→ **EXERCISE BRIEF**
From the line with "epa08829414 Andrey Rublev" to the line with "Oil rigs pump", output every line below exactly, both ends included. Skip the pictures.

→ **SUPPLIED MATERIAL**

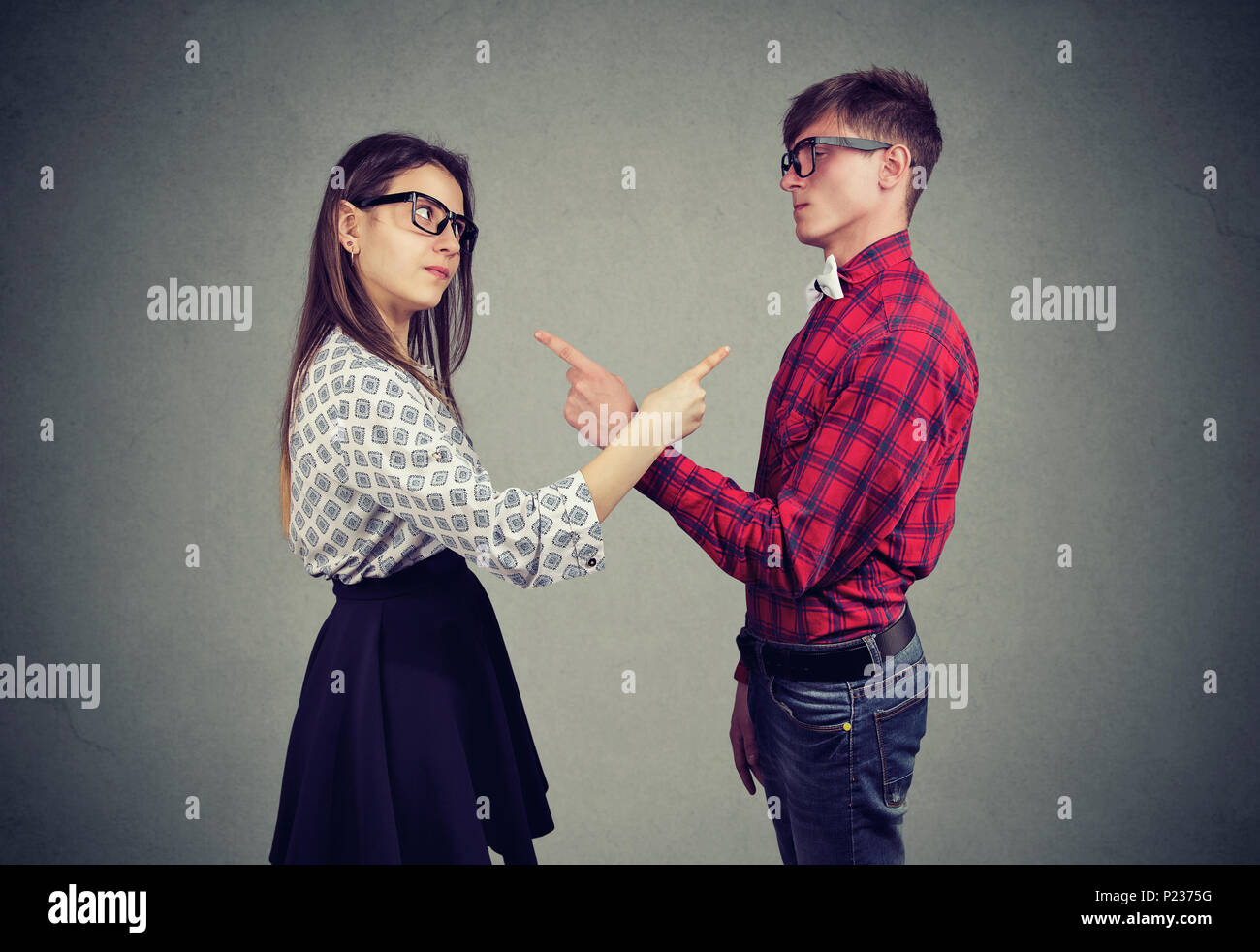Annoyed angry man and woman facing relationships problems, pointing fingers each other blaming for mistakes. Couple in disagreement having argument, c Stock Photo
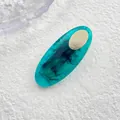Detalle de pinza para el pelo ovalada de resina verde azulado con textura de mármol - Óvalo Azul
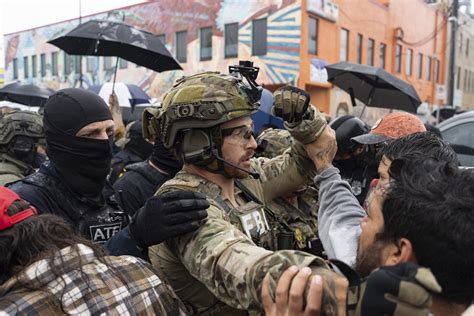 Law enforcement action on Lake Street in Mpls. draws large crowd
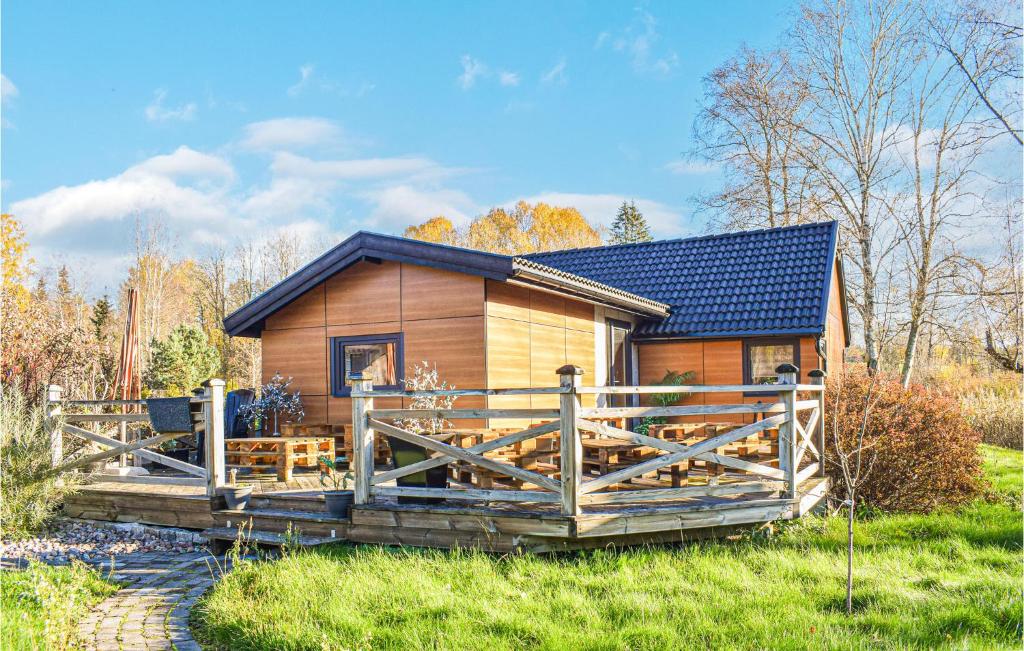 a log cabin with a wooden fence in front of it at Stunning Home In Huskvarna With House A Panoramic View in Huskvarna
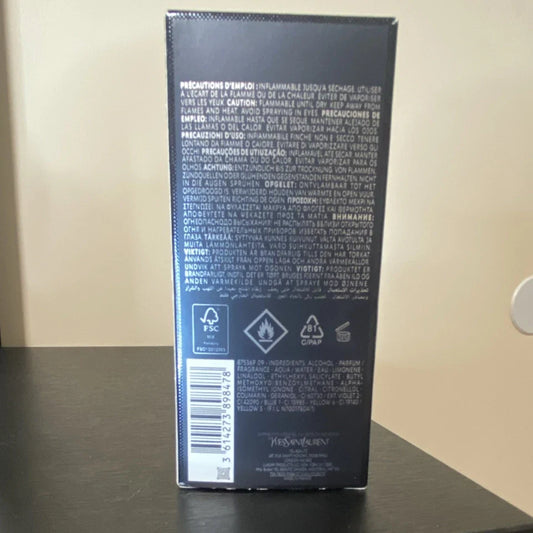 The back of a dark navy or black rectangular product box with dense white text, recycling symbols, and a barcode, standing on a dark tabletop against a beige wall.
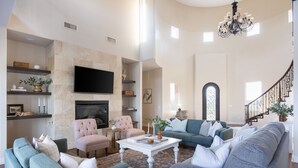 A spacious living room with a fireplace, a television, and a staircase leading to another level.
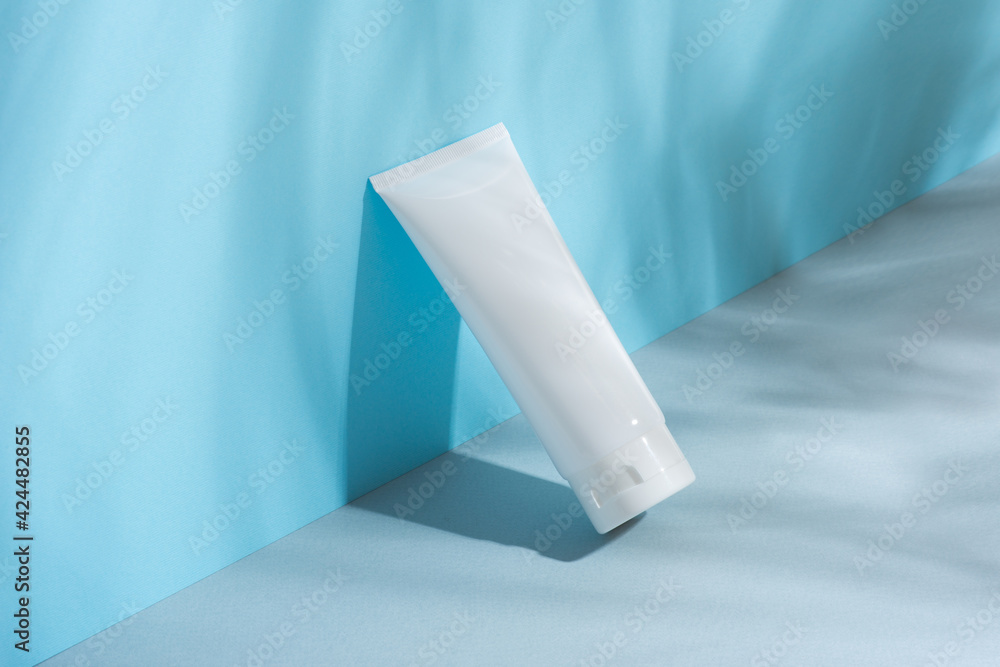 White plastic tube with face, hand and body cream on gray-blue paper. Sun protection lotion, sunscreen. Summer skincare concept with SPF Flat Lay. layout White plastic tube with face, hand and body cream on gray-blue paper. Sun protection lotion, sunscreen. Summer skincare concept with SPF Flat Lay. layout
---
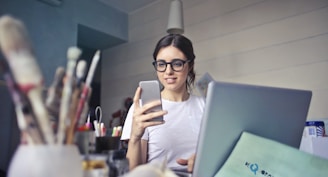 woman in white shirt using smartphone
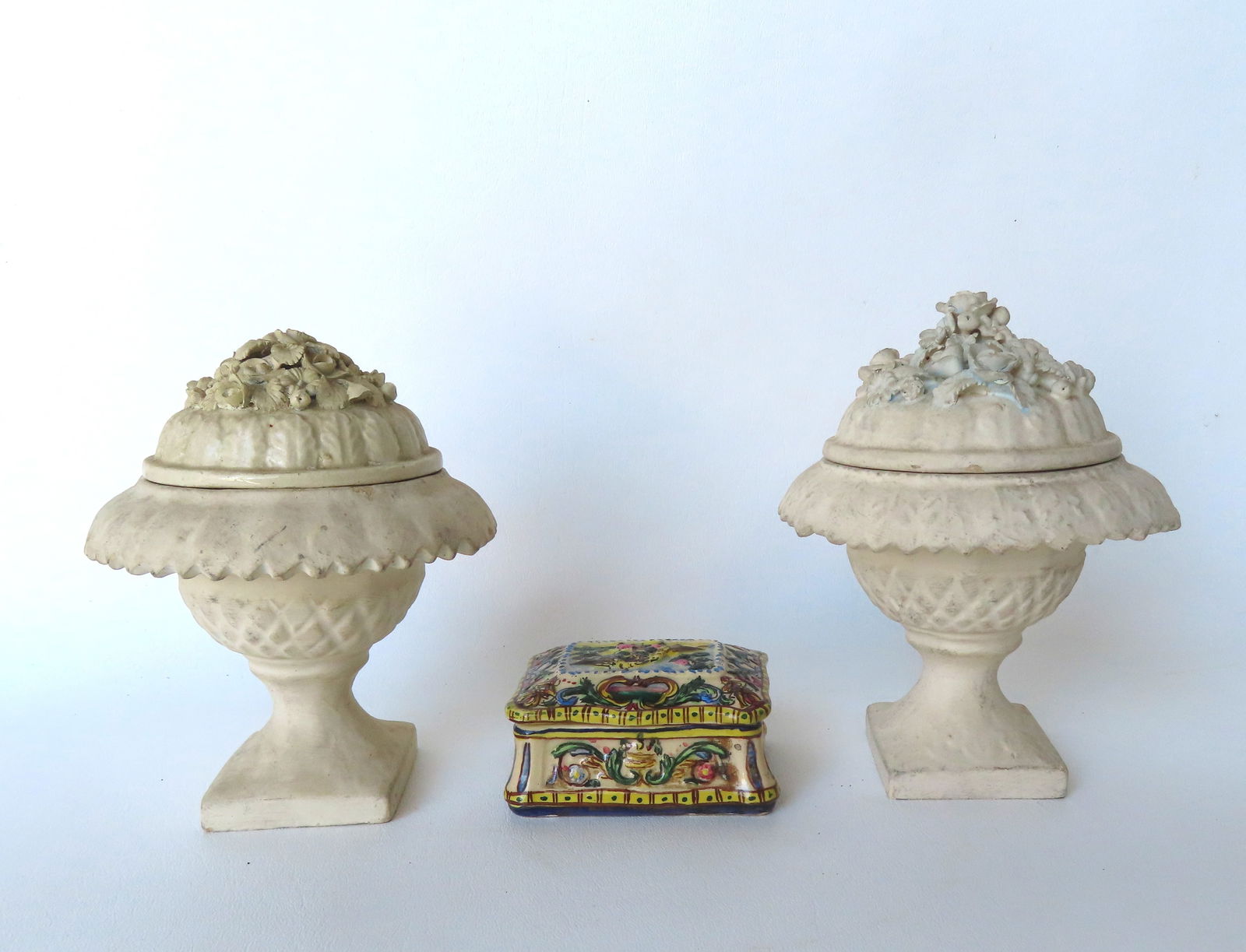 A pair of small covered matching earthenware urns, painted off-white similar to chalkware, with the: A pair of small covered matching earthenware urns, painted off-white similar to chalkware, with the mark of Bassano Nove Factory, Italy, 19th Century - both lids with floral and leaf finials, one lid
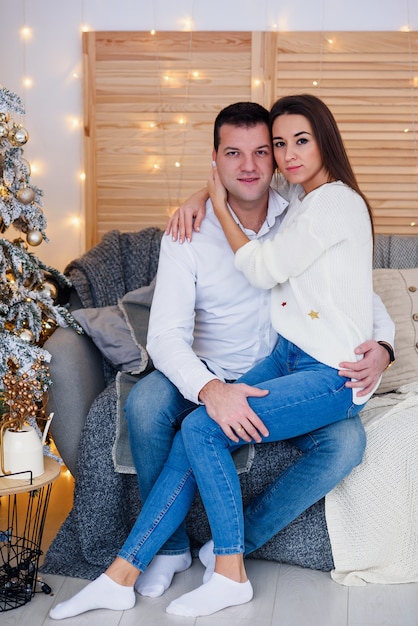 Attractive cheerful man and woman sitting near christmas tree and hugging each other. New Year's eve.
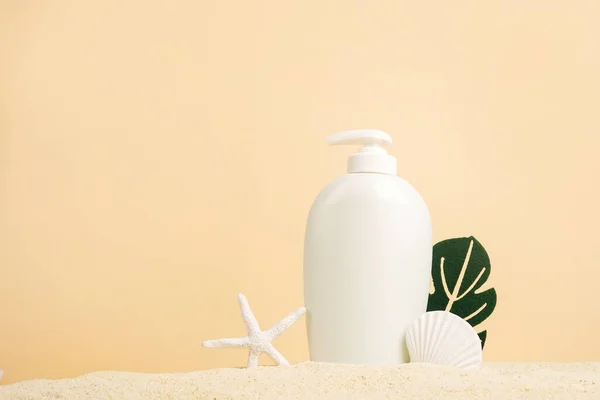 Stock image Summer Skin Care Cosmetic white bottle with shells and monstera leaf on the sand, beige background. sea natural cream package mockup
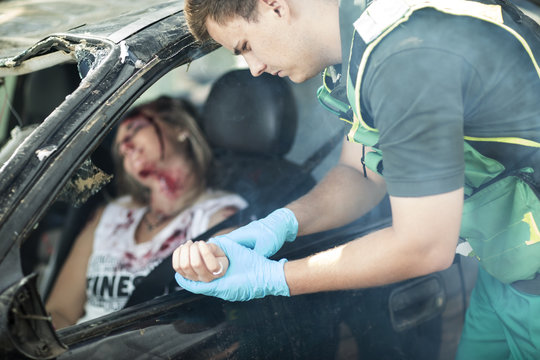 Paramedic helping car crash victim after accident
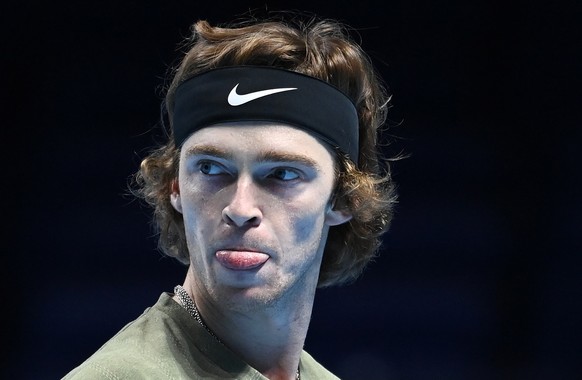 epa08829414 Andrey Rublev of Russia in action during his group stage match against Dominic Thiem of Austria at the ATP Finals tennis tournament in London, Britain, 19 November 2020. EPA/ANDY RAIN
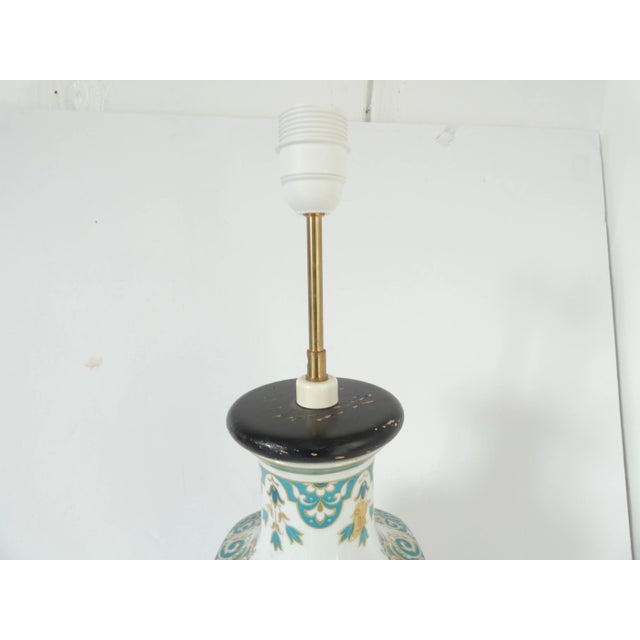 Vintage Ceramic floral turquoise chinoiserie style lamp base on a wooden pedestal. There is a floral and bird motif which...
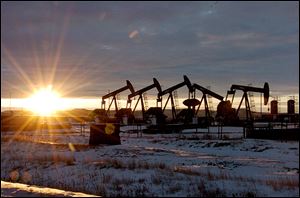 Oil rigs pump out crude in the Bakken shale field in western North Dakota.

→ **WRITTEN REPLY**
 epa08829414 Andrey Rublev of Russia in action during his group stage match against Dominic Thiem of Austria at the ATP Finals tennis tournament in London, Britain, 19 November 2020. EPA/ANDY RAIN
 Vintage Ceramic floral turquoise chinoiserie style lamp base on a wooden pedestal. There is a floral and bird motif which...
 Oil rigs pump out crude in the Bakken shale field in western North Dakota.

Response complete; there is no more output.